As things stand, this strategy would deliver a decent yield of around 3.9%. However, I can potentially collect (a lot) more if I’m willing to buy individual company stocks from the same index.
Monster yield
Shares in financial services provider Legal & General (LSE: LGEN) have sunk to a 52-week low. With the global economy looking sluggish at best, that’s hardly surprising.
On the flip side, a falling share price means a higher dividend yield. As I type, this stands at almost 10%.
Tellingly however, the stock is down almost 20% in value year-to-date. By contrast, the FTSE 100 is down only a couple of percent.
So does this monster return justify taking on the extra risk? I’m inclined to say it does.

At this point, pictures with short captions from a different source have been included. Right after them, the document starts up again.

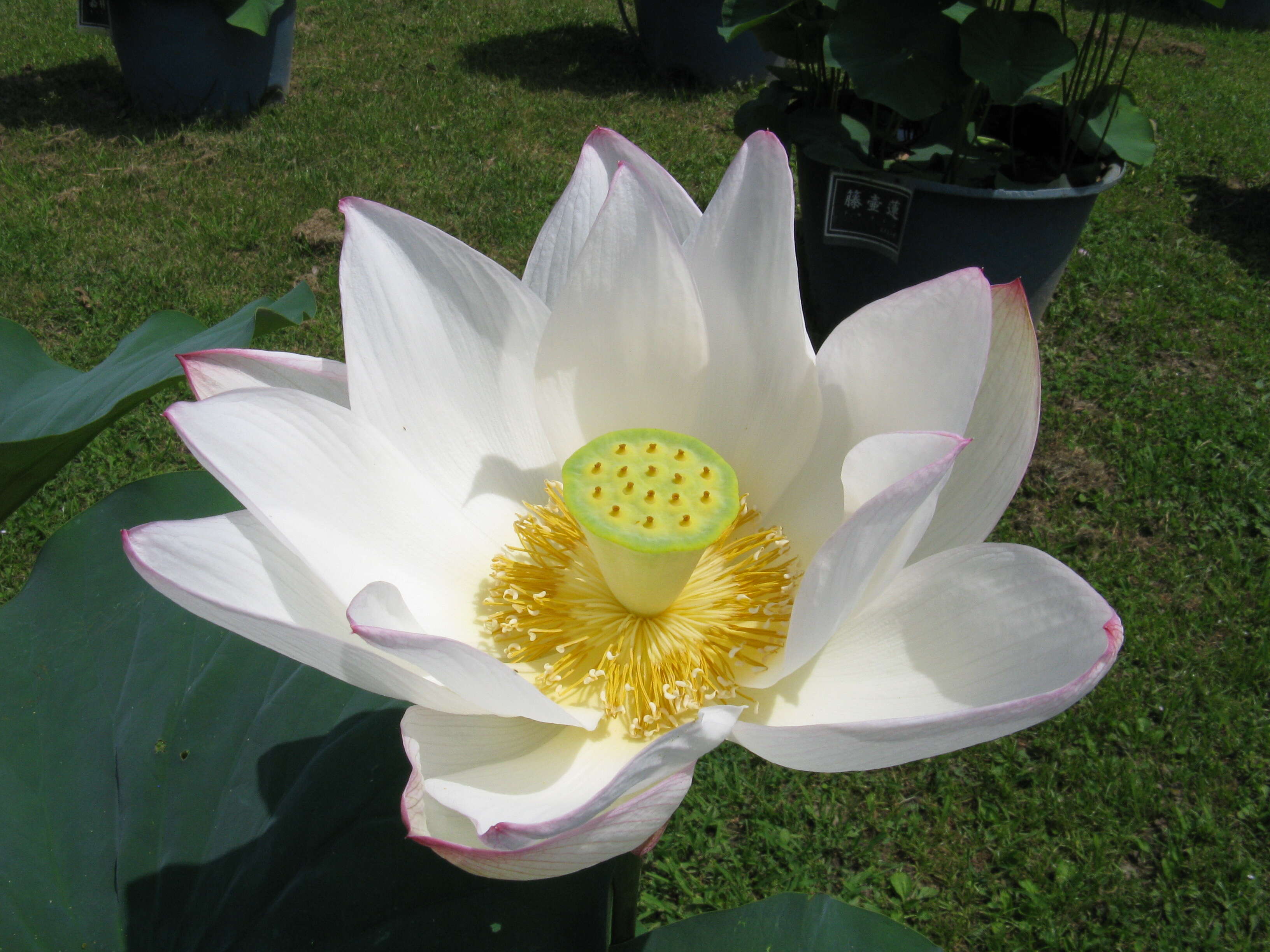 Image of sacred lotus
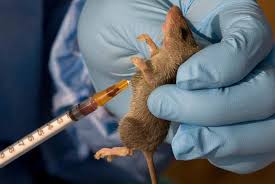 New Lassa Fever Outbreak in Edo: Stay Alert, Stay Safe!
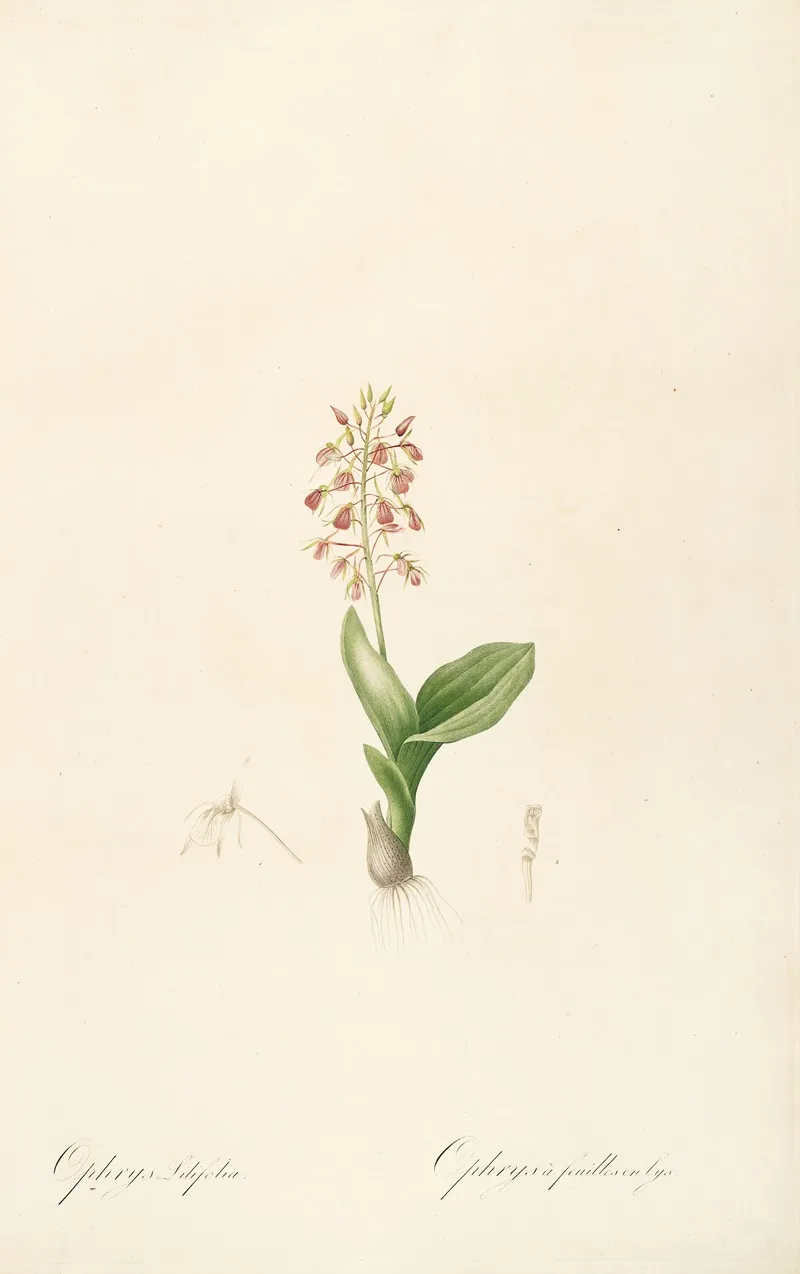 Les Liliacees Pl 17 Wall Art by Pierre Joseph Redouté - High-Resolution Digital Print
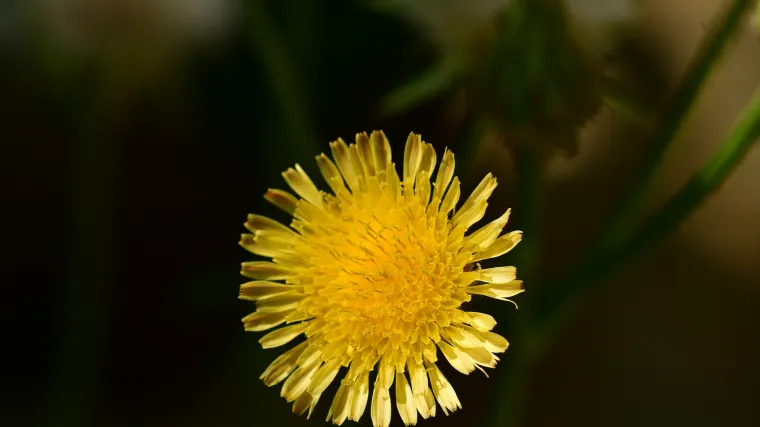 Znate li &scaron;to je to poljski ostak?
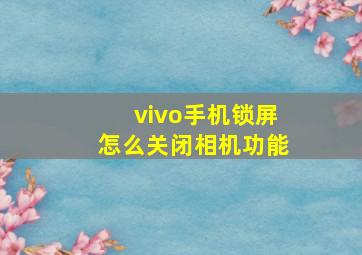 vivo手机锁屏怎么关闭相机功能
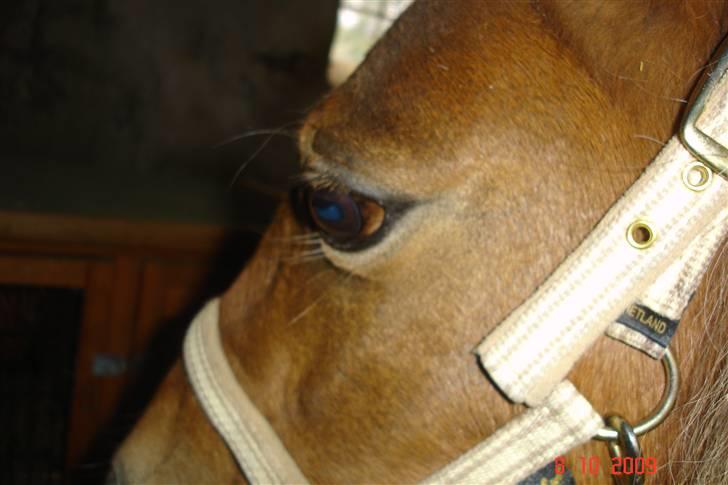 Anden særlig race Freja <3 billede 11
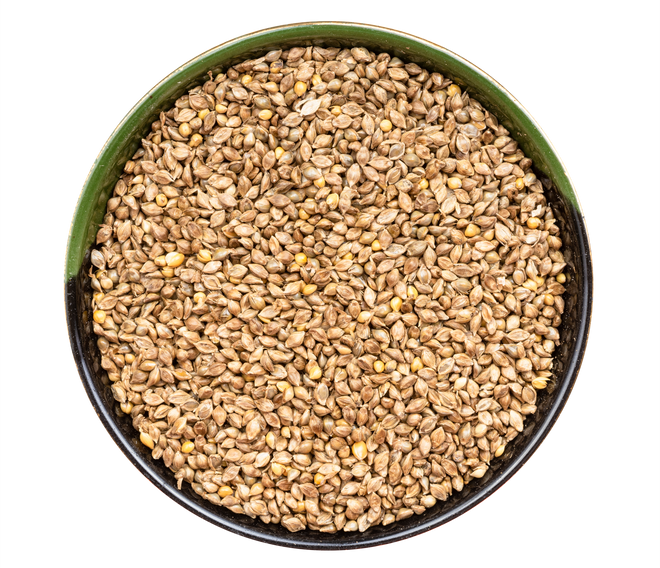 Barnyard Millet Seeds Seeds in round Bowl Isolated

While shares might sink lower if further rate rises are announced, Legal & General already trades on just nine times FY23 earnings. So I reckon quite a bit of negativity is already priced in. Moreover, I suspect the yield would remain pretty punchy even if a cut was made.
Longer-term, the company stands to benefit from a huge rise in the number of retirees as populations age. This should mean its solid record of raising payouts on an annual basis will continue.
Digging for dividends
Since dividends can never be guaranteed, it makes sense to spread my money around different sectors when looking to create a second income stream. For this reason, another high-yield stock that takes my fancy is miner Rio Tinto (LSE: RIO)
As well as operating in a completely different part of the market from L&G, Rio digs for a diverse group of vital materials including aluminium, copper, iron ore and lithium. The latter could act as a buffer in case one or two metals temporarily lose their shine, price-wise. That said, a prolonged fall in demand from heavy metal buyers like China is a clear risk here.
However, the stock already trades on a similar rating to L&G and yields 7% for FY23. Importantly, the latter is after a cut to the interim dividend was announced in July.
Sure, current analyst forecasts may still need to be revised. Even so, I’m confident Rio will still deliver a market-beating yield.
Power play
A final high-yield pick is power provider National Grid (LSE: NG). For me, the Grid is one of the first companies to spring to mind when it comes to hunting for dividends.
The essential nature of what it does translates to relatively stable earnings that help to support a yield that’s a good deal bigger than that offered by the index. Right now, this stands at just over 6%. Analysts expect payouts to rise even higher in FY25 (which begins in April 2024).
Half-year results are due on 9 November and I don’t expect too many nasties. Then again, it’s worth noting that a high interest rate environment is generally not good for companies with debt piles as sizeable as National Grid’s.
Nevertheless, I’d feel comfortable buying now if I had the spare cash to do so. A valuation of 14 times earnings is already below the five-year average of 18 on this stock.